After my latest virtual hang-out with Angela and having familiarized myself with the philosophy of the project, I have come to realize that there is scope in writing on the practicalities of working as a museum curator in Greece. This blog serves as a forum of communication between museum registrars and curators from all over the world. In this framework, let me elaborate a bit on what it means to work in a public archaeological museum in a state hampered by economic crisis.
With the exception of a few museums, the New Acropolis Museum being the most famous of them, most of the archaeological museums in the country are under the jurisdiction of the newly baptized General Secretariat of Culture. This was formerly part of the Ministry of Culture and since June 2012 it belongs to the Ministry of Education, Religious Affairs, Culture and Tourism. The concept for this change was the reduction of the administrative departments within the Greek state public sector. As time goes by, this also means some form of degradation in the expectations of the members of the Greek Archaeological Service and of the museum professionals among them. The numbers speak for themselves.
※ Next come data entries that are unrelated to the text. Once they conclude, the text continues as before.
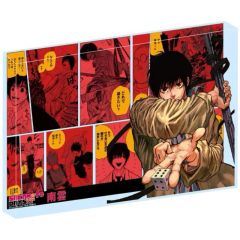 ☆火種 (完全生産限定盤) キタニタツヤ 応援店特典両面印刷ポスター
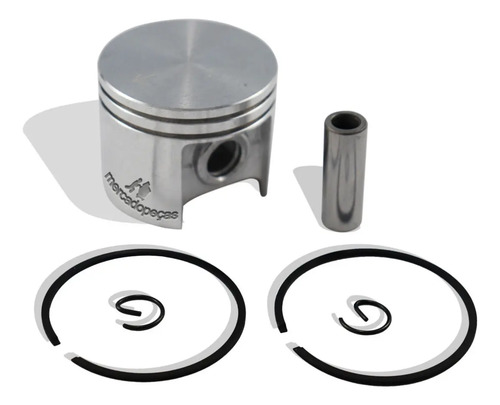 Cilindro rolamento retentor juntas para motosserra Stihl MS025 MS250 - Imagem 2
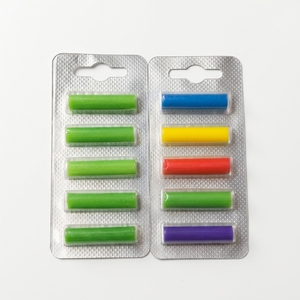 Bâtonnets désodorisants pour aspirateur, tablettes parfumées à piles, écologiques, accessoires en gros pour hôtels et usage domestique - Product Image 4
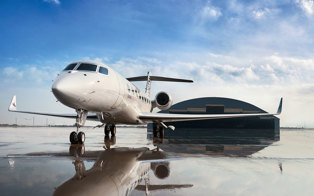 Gulfstream G650ER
When Ministry of Culture still existed it always had the lowest budget among all Greek ministries. The so-called General Secretariat for Culture now has to fund most, if not all of its actions, through EU funded projects. These projects are approved and then run under strict specifications through the so-called National Strategic Reference Framework (NSRF). From their inception and throughout their implementation the museum or other archaeological projects are administered centrally on a national level. Nevertheless, in many cases they absorb as much as half of the daily energy of the involved museum curators in order to sustain the labyrinthine bureaucracy of NSRF. So aiming at more museum projects virtually means more bureaucracy and one naturally wonders where the exit of the maze can be.